Даже осторожное британское правительство, которое, как ожидали, скептически отнесется к этому неожиданному превращению восточного самодержавия в конституционную монархию, поспешило заявить устами Эдуарда Грея, что «македонский вопрос и другие аналогичные вопросы прекратят свое существование».
Магическое слово «конституция» произвело необыкновенное воздействие на британских либералов. Сначала они решали вопрос: не окажутся ли младотурки теми же старыми турками, но с налетом парижской культуры и без всякой веры, а потом с энтузиазмом приветствовали создание партии «Единение и прогресс». Сторонники болгар превратились в союзников турок; британского посла на вокзале Стамбула встретила османская делегация; популярность Великобритании в Турции достигла таких высот, каких она не имела со времен Биконсфилда.
Находились, однако, люди, которые предсказывали, что положение христиан в Турции не улучшится, а еще больше ухудшится и новое правительство неизбежно поставит перед собой цель уничтожить их всех до единого. Греки с самого начала отнеслись к революции в Турции с подозрением; в Аравии и Армении реакционные паши попытались бороться с новым веяниями, но у них ничего не вышло.
С другой стороны, торжествующие революционеры усилили свои требования. Они настояли на устранении султанского фаворита Иззета и обвинили Саида в том, что он нарушил конституцию, предоставив султану право назначать военного и морского министров. После этого Саид уступил свое место Мехмеду Камиль-паше, такому же англофилу, как и он, но более продвинутому либералу, который включил в состав своего кабинета одного грека и одного армянина.
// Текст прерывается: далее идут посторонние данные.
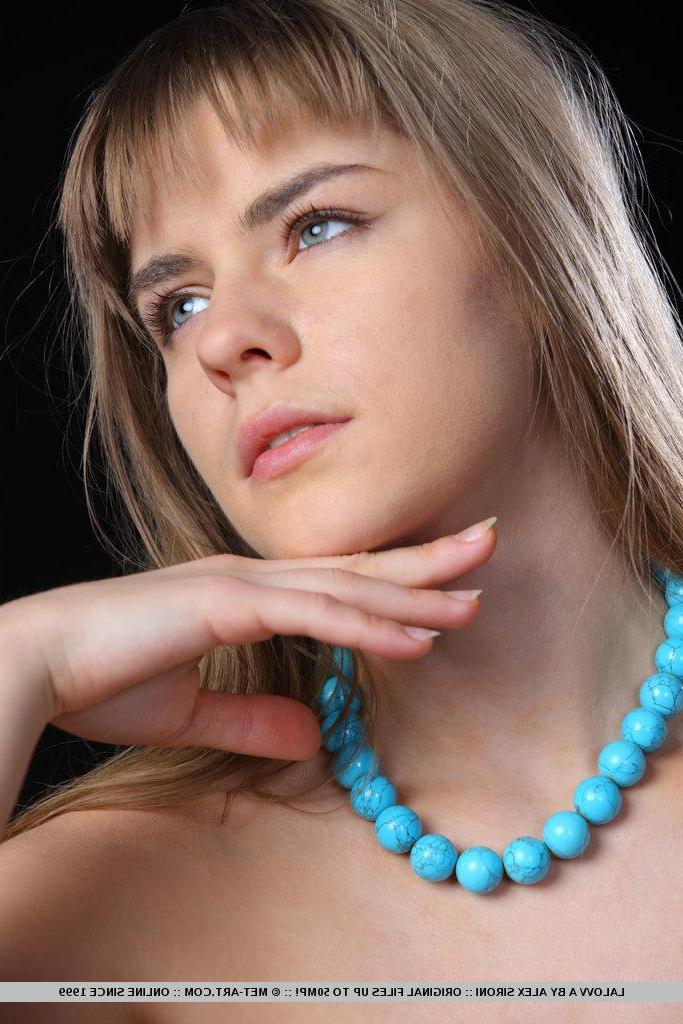 18P Pictures of teen beauty Lalovv A showing her naked body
В администрации произошли радикальные перемены; несколько человек, которые обогатились за счет прежней власти, были изгнаны. В доме одного бывшего министра, находившегося у власти всего лишь полтора года, были изъяты 170 тысяч фунтов стерлингов и переданы на общественные нужды.
Новые люди и новые методы внушили великим державам такую уверенность, что они согласились удалить из Македонии все остатки внешнего контроля, которые назвала им комиссия партии «Единение и прогресс». Были отозваны все иностранные офицеры; прекратила свое существование Международная финансовая комиссия; младотурки теперь должны были действовать сами.
Впрочем, имелось два правительства, которые решили воспользоваться возможностью получить прибыль за счет внутренних трудностей страны, ибо они давно мечтали освободиться ото всех связей с Турцией. Дарование конституционных свобод всем ее подданным вызвало серьезную озабоченность у христианской Австро-Венгрии, поскольку ее собственные подданные в Боснии и Герцеговине не получили никаких привилегий. Особенно разозлила Австро-Венгрию турецкая пресса, предложившая распространить новую конституцию на такие «неотъемлемые части» Османской империи, как две оккупированные Австро-Венгрией провинции и болгарская Восточная Румелия.
Забастовка железнодорожников в этой части Южно-Болгарской дороги, которую девять лет назад Стоилов хотел приобрести мирным путем, но которой до сих пор владела Восточная железнодорожная компания, предоставила болгарскому правительству прекрасный предлог для захвата этой дороги и удержания ее в интересах общественной безопасности.